» **EXERCISE**: Lines from the one with "Hyundai I30 1.5 DPI Classic + - 4" to the end of the material, both included: print them exactly and print nothing else. Omit the pictures.

» **INFORMATION SUPPLIED**:
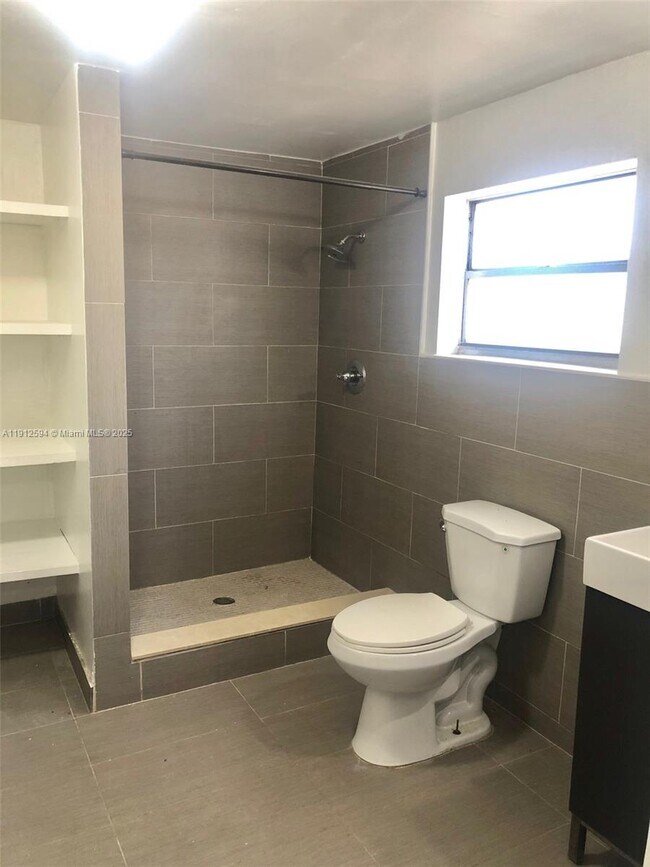 Building Photo - 2519 Pierce St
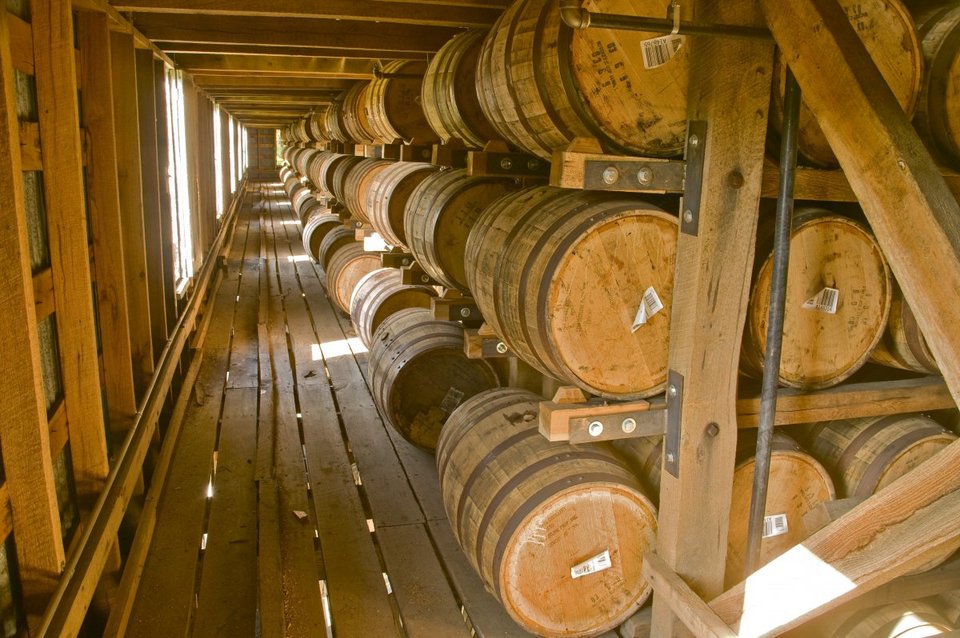 Καρέ καρέ πώς φτιάχνεται το ουίσκι Jack Daniel's -Η απίστευτη διαδικασία [εικόνες] | iefimerida.gr 14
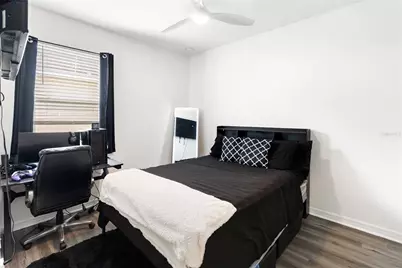 5702 Los Robles Court, Palmetto, FL 34221 - Photo 21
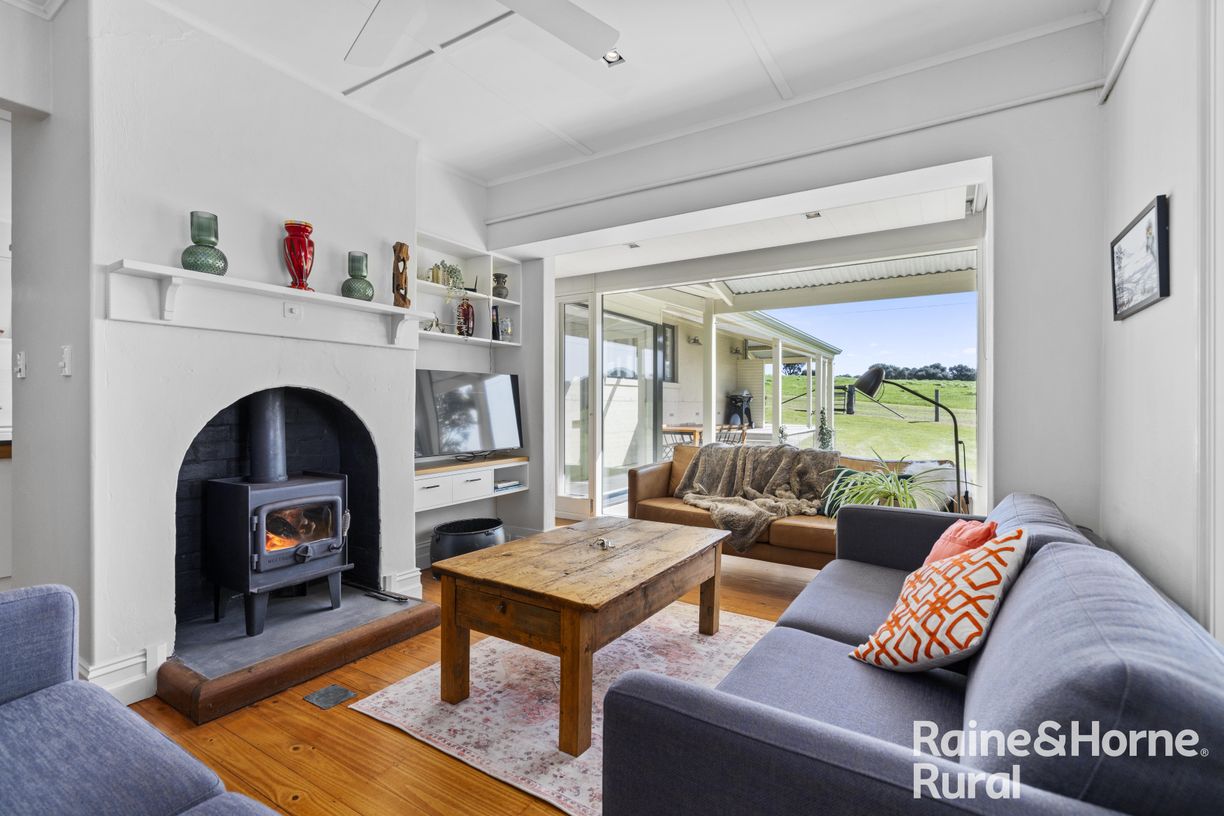 184 Wattle Flat Road — photo 11 of 30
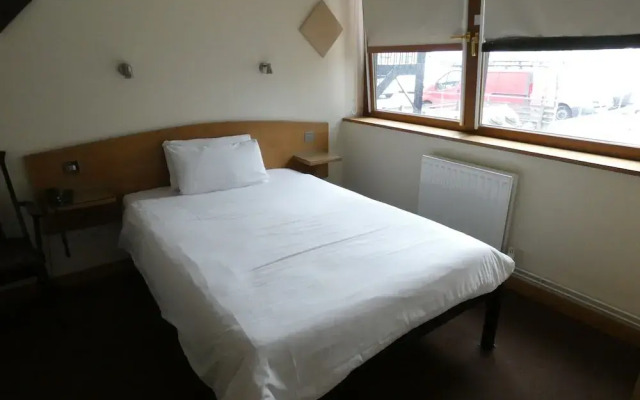 Hounslow Central Hotel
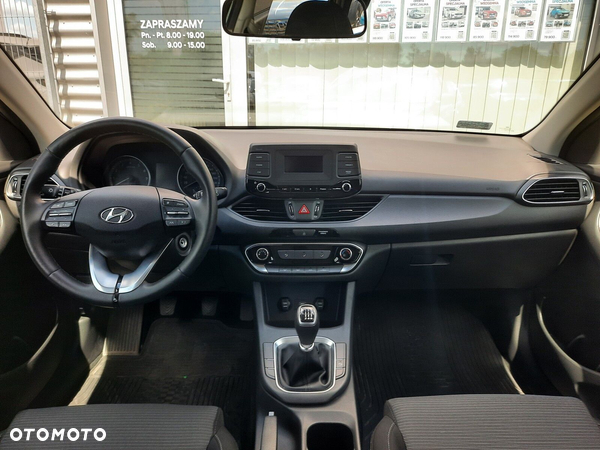 Hyundai I30 1.5 DPI Classic + - 4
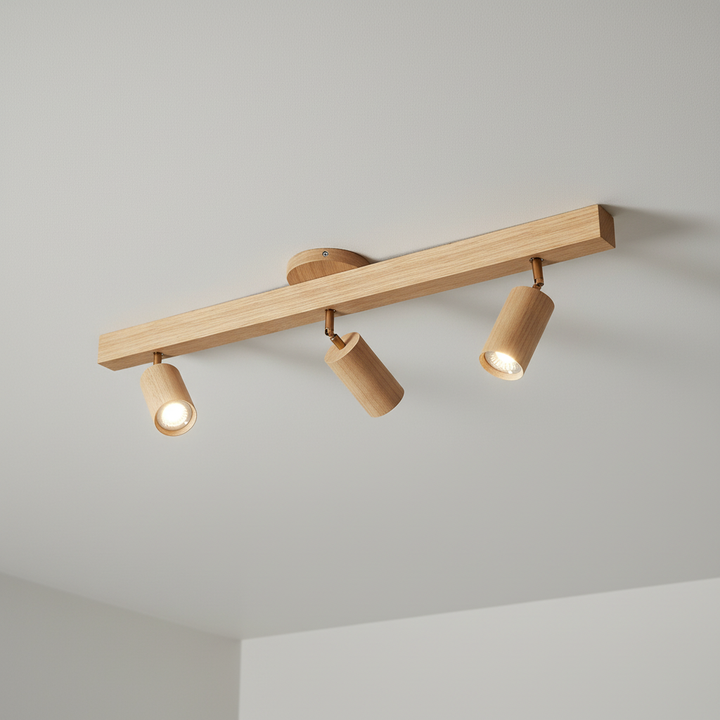 Moderne Holz-Deckenleuchte Ecobeam: Schwenkbarer LED-Spot für Küche oder Flur.
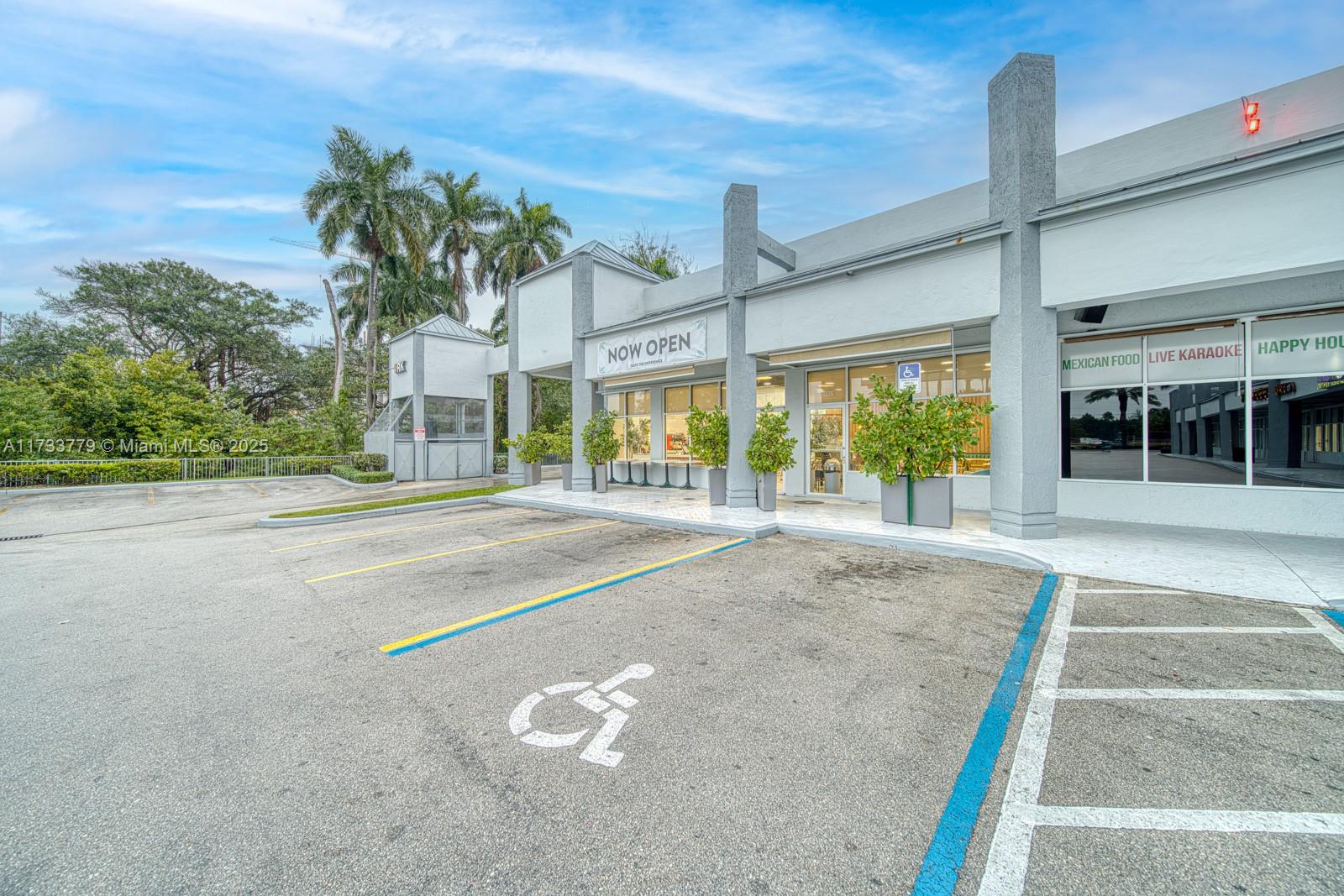 Restaurant For Sale On Busy Biscayne Boulevard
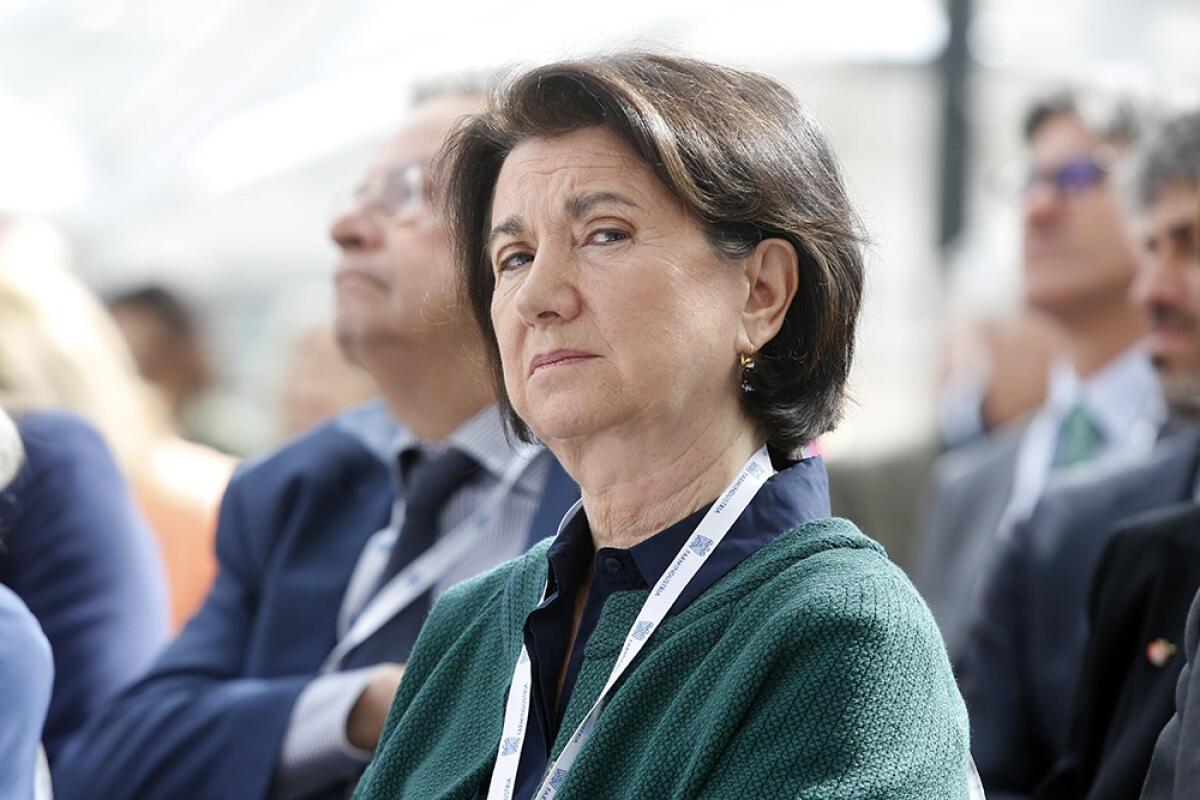 La ministra Roccella svela la verità sull'antisemitismo | È davvero solo un'eredità fascista? - 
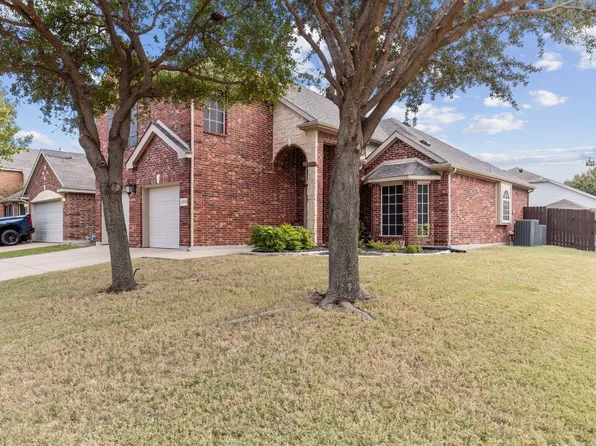 11700 Wild Pear Ln, Fort Worth, TX 76244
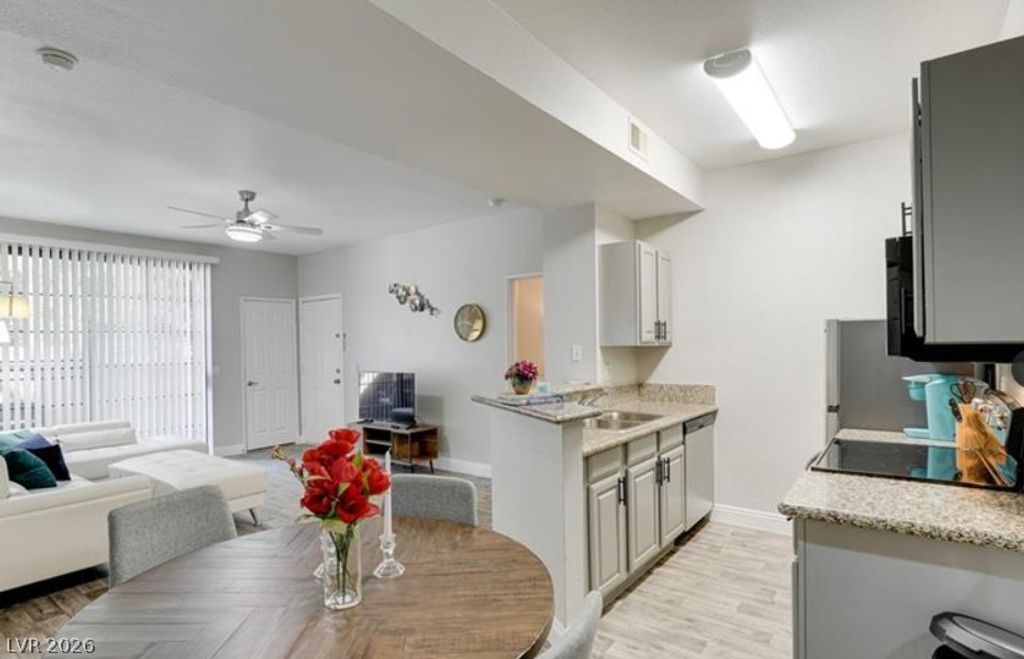 5138 South Jones Boulevard 108, Las Vegas, NV 89118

» **TASK ANSWER**:
 Hyundai I30 1.5 DPI Classic + - 4
 Moderne Holz-Deckenleuchte Ecobeam: Schwenkbarer LED-Spot für Küche oder Flur.
 Restaurant For Sale On Busy Biscayne Boulevard
 La ministra Roccella svela la verità sull'antisemitismo | È davvero solo un'eredità fascista? - 
 11700 Wild Pear Ln, Fort Worth, TX 76244
 5138 South Jones Boulevard 108, Las Vegas, NV 89118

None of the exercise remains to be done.